This has not always been the case. Having only one in-combat rez and a disadvantage in the gear department compounds the above statement. Omnotron has abilities that directly (and serverely) punish the raid if they are not properly handled. Travel to wowwiki and read up on the fight if you aren’t intricately familiar, but here is the basic idea. A robot activates and fights you. After a certain amount of time he will put up a shield which turns on a new robot. When a robot runs out of mana he shuts down (post-shield). This rotates around until their shared 32.5 million hp bar is depleted and you can collect your epics. By their names you can guess what they do (kind of).

Arcanotron. Magmatron. Toxitron. Electron. Not always in that order.

1) Don’t DPS the Shield

With a few attempts under our belts we decided to adopt a “Don’t DPS the shield” strategy. Nothing good can come of damaging the shield. The difference in raid damage is immediately noticeable. This made it easy for us to debug problems in the strategy in regards to positioning and how folks are handling the other RSTS abilities. We placed all of the trust in our tanks to pick up the newly activated robots on time and told the DPS to start immediately.

2) Identify When to Group Up

The only robot that is sensitive to raid positioning is Electron (chain lighting). While all of the others are active, be closely grouped to make it easier on your healers. My default command was to call group on Arcanotron” when he was active. The pool he drops will be on the raid immediately and it will allow your healers to sustain this ~9 minute fight. The team of Arcanotron and Magmatron plays very nicely with this strategy.

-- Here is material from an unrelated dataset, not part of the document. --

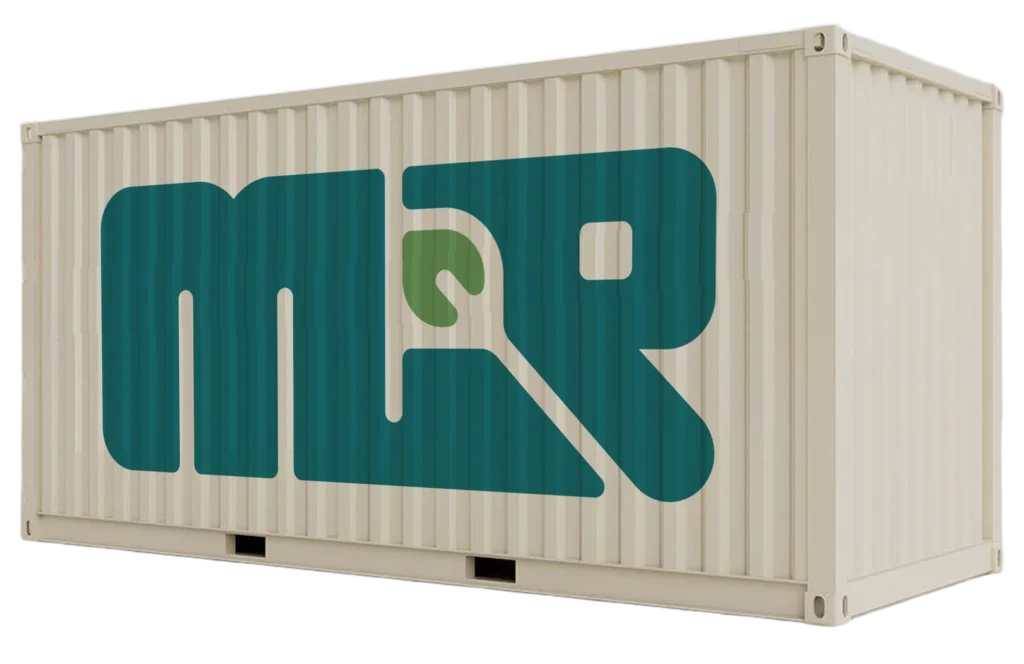 Mobile Solar Container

The hardest combination to heal is Magmatron and Electron since they have conflicting abilities (chain lighting, raid wide fire area of effect). Healing Stream Totem glyph is handy.

3) Tank Cooldowns When New Robots Activate

There will be a small window of time when all 3 robots will be active. As a tank is changing from his shielded robot to the newly activated one, have them pop a cooldown to buffer the damage. Magmatron, in particular, hits hard and getting behind can cost you some vital mana reserves right as an ability is about to be used. If the tank is out of cooldowns, throw on an external one. Since our healing crew was druid-shaman-shaman, we didn’t have that option but did ok nonetheless.

4) Handle the Abilities

If you don’t put Magmatron’s laser away from the raid, kite Toxitrons slimes, or interrupt (most of) Arcanotron’s bolts, you will pay. It’s not a “woops get the next one” situation at this gear level. Each player needs to know how to react when things target them or the robots do certain things. It is not the most complicated fight I’ve ever done, but it will test your abilities and give you a quick introductory course on what to expect this expansion. The closest fight it resembles from WotLK is a slightly easier Mimiron.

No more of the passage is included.